A ilusão é inerente ao cinema – o aparente movimento das imagens resulta, na verdade, da projeção em sequência rápida de imagens fixas, cada uma ligeiramente diferente da anterior.
A essa característica imanente, soma-se outra: a impressão de realidade – imagens bidimensionais, incluindo as que simulam três dimensões, articuladas segundo convenções de linguagem dominantes, são vistas como se fossem a reprodução da realidade.
E há ainda a quimera de propiciar ao espectador viver experiências alheias, com a certeza de que, terminado o filme e acesas as luzes, estará de novo em terreno seguro e conhecido.
Essas formas interligadas de ludibriar os sentidos estão na origem do lugar conquistado pelo cinema ao longo do século passado, reconhecido como expressão artística e forma de entretenimento, além de produto industrial de vasto consumo capaz de movimentar milhões em escala mundial.
Sendo constitutiva do cinema, a ilusão tem também o efeito de tornar os profissionais do setor particularmente propensos às armadilhas do auto-engano. Dificilmente um produtor ou realizador deixa de acreditar que seu filme atrairá multidões. E em certos países, como o Brasil, nos quais não é preciso comprovar a viabilidade financeira do que é produzido, o ilusionismo tende a ser epidêmico e devastador.
O auto-engano – título de um livro de Eduardo Giannetti (Companhia das Letras, 1997) – nasce do engano:
“O enganador embarca em suas próprias mentiras, deixa-se levar de modo gradual e crescente por elas e, enfim, passa a acreditar nelas com toda inocência e boa-fé deste mundo. Ele não desperta dúvidas por que não as tem; duvidar agora, quem há de?”
Mas “a propensão natural do homem ao engano e ao auto-engano”, afirma Giannetti, causa dano e sofrimento:
“A miséria do auto-engano não se reduz ao dano que ele – isolado no indivíduo ou composto em sociedade – pode causar aos outros. Se o risco do enganador calculista é sua detecção, seguida de punição e opróbrio, no caso do auto-engano, a principal vítima é com frequência o próprio ator.”
Propenso a ser uma maldição, segundo Giannetti, o auto-engano não deixa por isso, de ter um lado positivo, sendo “aliado da vida e da criação […]. Quem poderia negar o benefício da capacidade de merguhar periodicamente nas ficções do sonho e da arte?”

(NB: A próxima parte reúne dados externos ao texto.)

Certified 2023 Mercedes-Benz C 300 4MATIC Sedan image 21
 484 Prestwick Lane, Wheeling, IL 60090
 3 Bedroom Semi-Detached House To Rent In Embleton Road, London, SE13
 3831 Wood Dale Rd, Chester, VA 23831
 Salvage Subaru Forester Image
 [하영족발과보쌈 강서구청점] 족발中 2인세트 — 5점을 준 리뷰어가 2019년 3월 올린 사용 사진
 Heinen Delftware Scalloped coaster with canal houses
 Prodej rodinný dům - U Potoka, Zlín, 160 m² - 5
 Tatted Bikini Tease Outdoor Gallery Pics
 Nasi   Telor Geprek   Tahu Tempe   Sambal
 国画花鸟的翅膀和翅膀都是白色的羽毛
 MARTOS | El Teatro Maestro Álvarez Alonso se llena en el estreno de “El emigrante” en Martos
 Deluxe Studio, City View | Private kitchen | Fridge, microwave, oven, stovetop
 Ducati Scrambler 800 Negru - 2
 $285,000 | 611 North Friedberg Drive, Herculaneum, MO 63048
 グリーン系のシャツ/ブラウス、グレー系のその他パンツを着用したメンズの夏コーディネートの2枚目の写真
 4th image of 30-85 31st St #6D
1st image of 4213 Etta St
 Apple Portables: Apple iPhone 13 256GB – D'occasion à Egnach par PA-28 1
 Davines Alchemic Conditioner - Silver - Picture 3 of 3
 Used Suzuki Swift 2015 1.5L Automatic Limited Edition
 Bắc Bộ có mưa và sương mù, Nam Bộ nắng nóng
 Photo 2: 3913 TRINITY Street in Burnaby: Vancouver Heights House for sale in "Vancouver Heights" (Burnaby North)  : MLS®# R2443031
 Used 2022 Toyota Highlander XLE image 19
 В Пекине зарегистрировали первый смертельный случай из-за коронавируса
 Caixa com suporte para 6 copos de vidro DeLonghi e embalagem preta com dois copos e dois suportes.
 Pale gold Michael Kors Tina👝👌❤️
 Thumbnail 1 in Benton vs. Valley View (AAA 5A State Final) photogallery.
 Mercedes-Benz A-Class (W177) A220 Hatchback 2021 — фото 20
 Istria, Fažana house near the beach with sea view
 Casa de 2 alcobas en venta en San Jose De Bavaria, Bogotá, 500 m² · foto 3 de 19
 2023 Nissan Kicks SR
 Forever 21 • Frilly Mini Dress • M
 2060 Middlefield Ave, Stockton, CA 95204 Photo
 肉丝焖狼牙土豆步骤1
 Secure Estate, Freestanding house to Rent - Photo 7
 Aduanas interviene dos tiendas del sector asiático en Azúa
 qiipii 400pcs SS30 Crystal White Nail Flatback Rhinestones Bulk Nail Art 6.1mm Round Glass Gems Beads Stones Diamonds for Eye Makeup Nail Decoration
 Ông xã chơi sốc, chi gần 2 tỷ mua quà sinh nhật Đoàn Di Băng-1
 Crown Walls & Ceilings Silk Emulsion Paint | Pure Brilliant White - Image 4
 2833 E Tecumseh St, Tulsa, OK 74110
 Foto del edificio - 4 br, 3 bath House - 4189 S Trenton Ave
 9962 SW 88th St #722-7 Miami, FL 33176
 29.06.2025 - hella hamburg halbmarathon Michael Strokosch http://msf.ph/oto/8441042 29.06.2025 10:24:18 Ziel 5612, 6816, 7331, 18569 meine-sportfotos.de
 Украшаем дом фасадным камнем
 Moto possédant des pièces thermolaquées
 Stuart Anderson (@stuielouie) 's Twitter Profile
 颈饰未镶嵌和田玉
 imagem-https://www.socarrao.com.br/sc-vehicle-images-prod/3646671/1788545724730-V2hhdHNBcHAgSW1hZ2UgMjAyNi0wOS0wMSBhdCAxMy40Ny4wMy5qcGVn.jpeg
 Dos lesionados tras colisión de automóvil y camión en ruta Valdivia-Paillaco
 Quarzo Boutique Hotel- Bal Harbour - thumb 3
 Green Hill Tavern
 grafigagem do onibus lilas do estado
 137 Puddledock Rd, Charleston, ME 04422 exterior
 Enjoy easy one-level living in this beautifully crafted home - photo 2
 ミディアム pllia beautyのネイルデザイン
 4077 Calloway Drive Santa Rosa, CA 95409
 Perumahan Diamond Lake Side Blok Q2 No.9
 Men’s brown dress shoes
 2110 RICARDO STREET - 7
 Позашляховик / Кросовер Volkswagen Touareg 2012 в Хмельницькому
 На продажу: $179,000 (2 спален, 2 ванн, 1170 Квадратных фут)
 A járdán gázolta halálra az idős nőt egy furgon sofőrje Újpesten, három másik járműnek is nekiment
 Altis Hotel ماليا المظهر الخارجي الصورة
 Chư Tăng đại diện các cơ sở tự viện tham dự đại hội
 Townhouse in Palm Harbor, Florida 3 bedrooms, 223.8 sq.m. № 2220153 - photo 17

Assim, talvez seja possível dizer, no caso dos impasses do cinema, área privilegiada da ilusão, que o desafio é conviver com o auto-engano sem ser vítima de sua maldição.
Estar atento aos perigos do auto-engano seria, então, condição necessária para evitar danos causados no passado, e que continuam sendo feitos, pondo em risco, no caso do Brasil, a própria sobrevivência da atividade cinematográfica.
Comentando a crise econômica na Europa, Paul Krugman escreveu há dias que a situação se tornou mais grave “do que necessário por causa da maneira como os líderes europeus, e de maneira geral a elite política, substituiram análise por moralização, e lições da história por fantasias.” (The New York Times, 19/2/2012).
O convívio com o auto-engano, por outro lado, impõe-se em defesa de valores intrínsecos de toda cinematografia que pretenda justificar sua existência. Para isso é preciso que rejeite o mimetismo do já consagrado e a burocratização dos meios de produção, através de apostas “no imponderável das quais dependem não só as maiores realizações criativas da humanidade como a esperança selvagem e inexplicável que nos alimenta, impulsiona e sustenta em nossas vidas,” nas palavras de Eduardo Giannetti.
Surdos, cegos e mudos, não iremos longe. E o debate, para ser profícuo, depende da nossa capacidade de admitir que nem sempre temos razão, e de reconhecer o valor de ideias alheias.